Fayette County District Attorney Scott Ballard, who prosecuted the case, said Wednesday he received the news of McFadden’s order with “disgust.”

“I had to go visit the Down syndrome woman who was the victim of the rape and tell her that even though a jury had convicted her assailant of the crime, the judge was giving the guy a new trial,” Ballard said. “Her parents were, as you can image, outraged. … I just hope we can get some justice.”

In a statement issued Wednesday, McFadden said judicial ethics do not allow him to give any public comments about a case that is pending before him because they may affect the case’s outcome or could interfere with a fair trial or hearing.

“I cannot go beyond my written orders,” McFadden said. “The Code of Judicial Conduct prohibits me from commenting further.”

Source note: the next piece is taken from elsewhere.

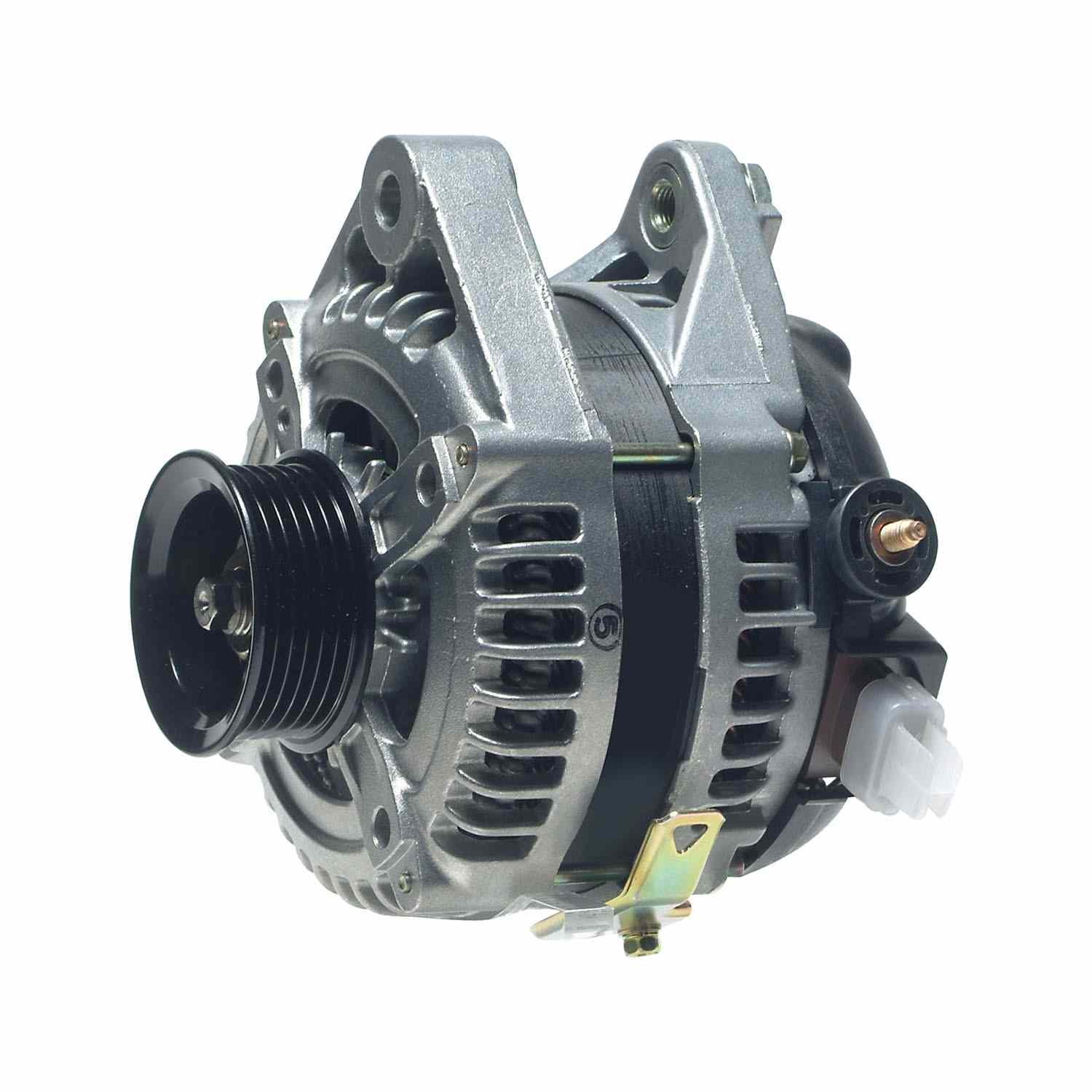 DENSO Auto Parts Alternator 210-0509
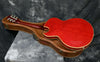 1963 Gibson ES-125 TDC, Cherry Sunburst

In his ruling, McFadden said when the woman first complained about being attacked the day after the alleged rape occurred, she did not behave like a victim. “Nor did Mr. Dumas behave like someone who had recently perpetrated a series of violent crimes,” McFadden wrote.

McFadden also cited discrepancies in other witnesses’ testimony. The convictions, the judge added, “do not have the approval of the court’s mind and conscience.”

The District Attorney’s Office has since filed a motion asking McFadden to recuse himself from the case. The motion noted that trial testimony established that Dumas’ semen was found on the bed on which the woman slept the night of the alleged attack and that a doctor who examined the woman had made findings that were consistent she had been forcibly raped.

On Feb. 5, McFadden denied the prosecution’s motion and said he would remain on the case.

Ballard said he is now appealing that decision to the same appeals court on which McFadden sits. “How awkward is that?” Ballard asked.